Volvió a mirar por la ventana. Victoria se afanaba con sus flores. Al menos era una mujer amable que no tenía inconveniente en dejarse ver, no como aquella nueva habitante de la colonia, tan esquiva y antipática. Claro que era pronto para juzgarla, podía tratarse de un problema de adaptación, como había llegado a la colonia cuando los demás ya llevaban tiempo allí, la sensación de extrañamiento debía de ser mayor. Y los cuarenta años no son una buena edad, ella los recordaba sin ningún agrado. Debía hacer un esfuerzo e ir a visitarla. No podía ser tan insociable como aparentaba. Según Adolfo, su marido era un excelente profesional, y muy agradable. No había encontrado ninguna dificultad con el resto de las esposas que vivían allí, todas le parecían encantadoras. Cuestión de suerte, suponía, aunque también un poco de buena voluntad. Aquella estancia en México estaba resultando para ella francamente feliz, como una vuelta a sus años de recién casada. Sólo veía a Adolfo los fines de semana, lo cual no dejaba de ser un alivio. Sonrió por haberse permitido semejante maldad.
De pronto recordó que conservaba en el garaje un abono sintético para plantas que había comprado en el pueblo. Iría inmediatamente a ofrecérselo a Victoria. La verdad es que, a pesar de lo mucho que se desvelaba por su jardín, lo tenía en un estado lamentable.
La mujer del jefe dirigiéndose con una botellita en la mano a la casa de enfrente.
¿No podían estarse quietas nunca, cada una en su sitio, ocupándose de sus cosas, enfrascadas en la lectura o haciendo macramé? Pues no, se pasaban el día danzando y tocando las pelotas.

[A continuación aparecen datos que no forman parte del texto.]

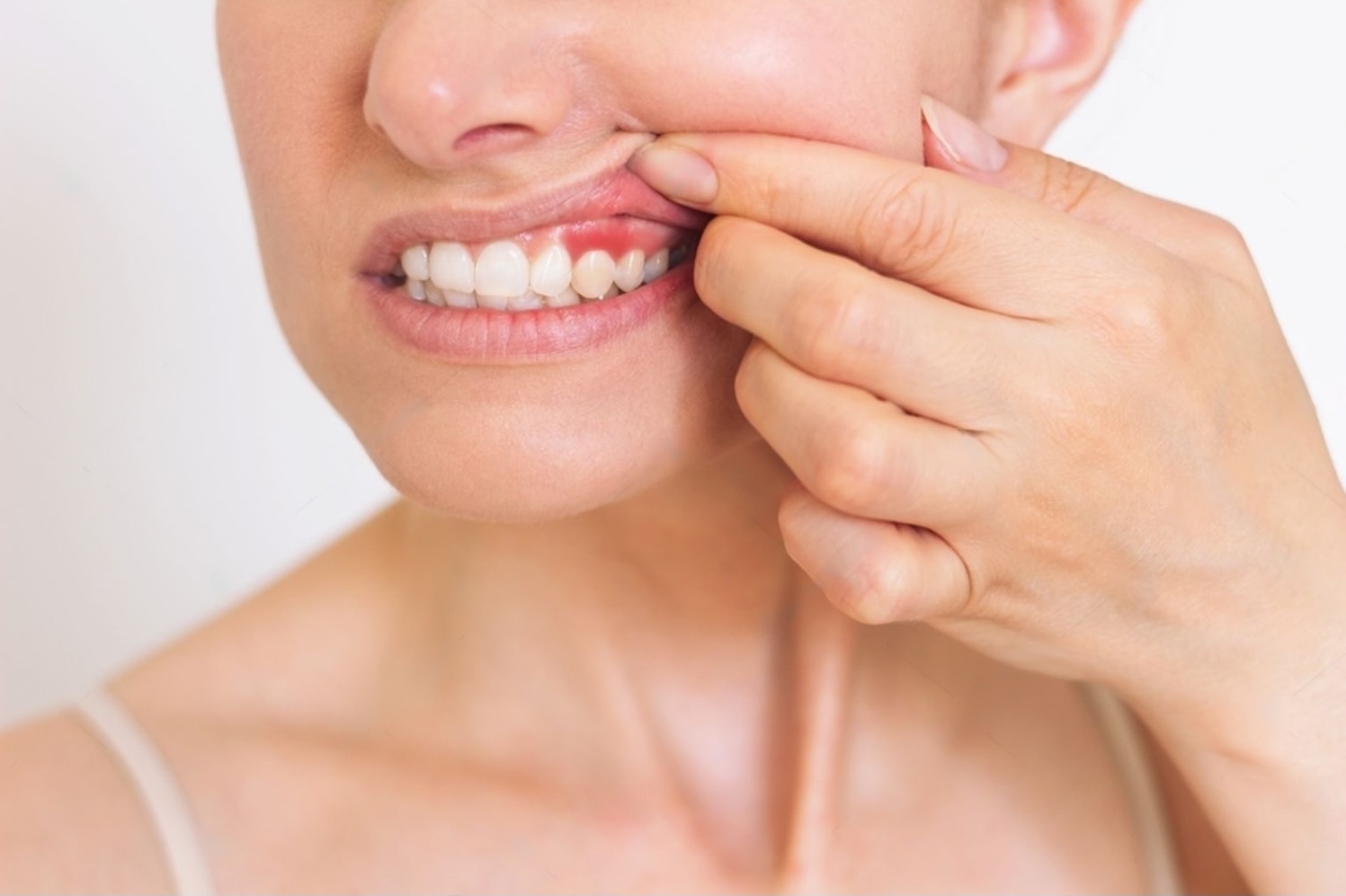 a close up photo of a young caucasian woman who shows off her red gums on the upper jaw suffers from gingivitis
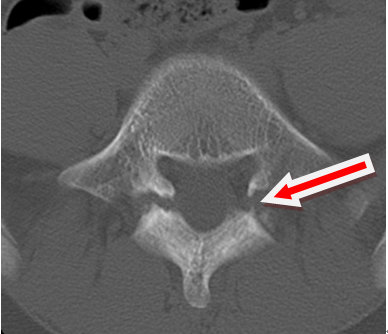 典型病例:腰椎峡部裂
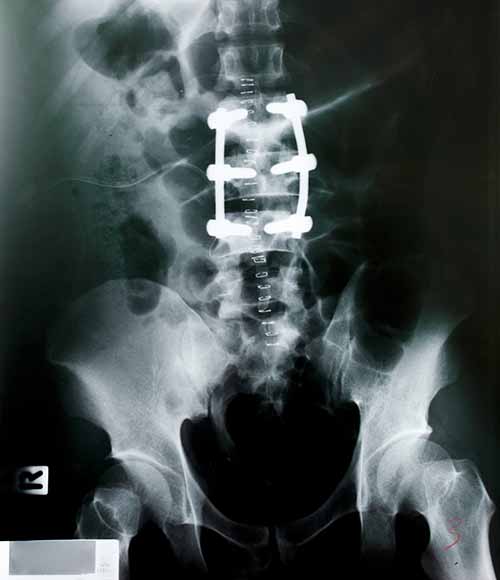 Spinal X-Ray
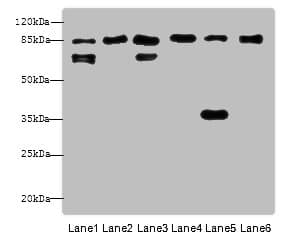 IHC-plus™ CTNNB1 / Beta Catenin Antibody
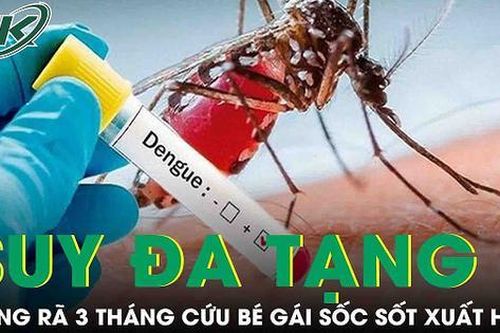 Ròng rã 3 tháng điều trị tích cực cho bé gái sốc sốt xuất huyết nặng, suy đa tạng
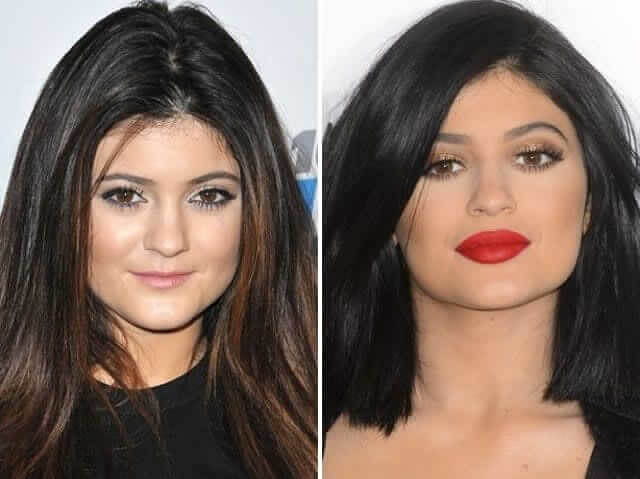 tmpmp86_lli Celebrities Who Spent Big on Transforming Their Looks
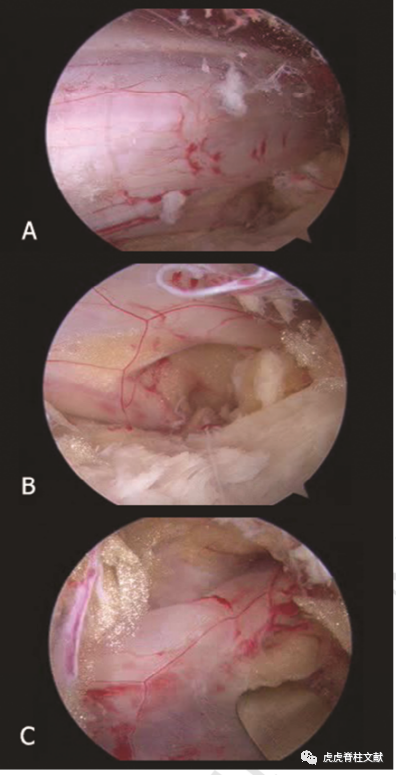 为什么会有单关节器械早读 ｜ 腰椎单边双通道内镜技术诞生的历史沿革_https://www.jmylbn.com_新闻资讯_第18张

Cuando empezaba a verlas circular por los jardines, transitando de un lado a otro, se echaba a temblar. Eso significaba que se aburrían, y que se aburrieran era una mala señal. En última instancia, el aburrimiento se traducía en trabajo para él, posibles complicaciones, recados, incordios. Llevar las cuentas y la organización de la colonia no le resultaba demasiado difícil, otra cosa era tratar con las señoras, ver qué les hacía falta, con qué problemas se encontraban, qué soluciones podía proponerles.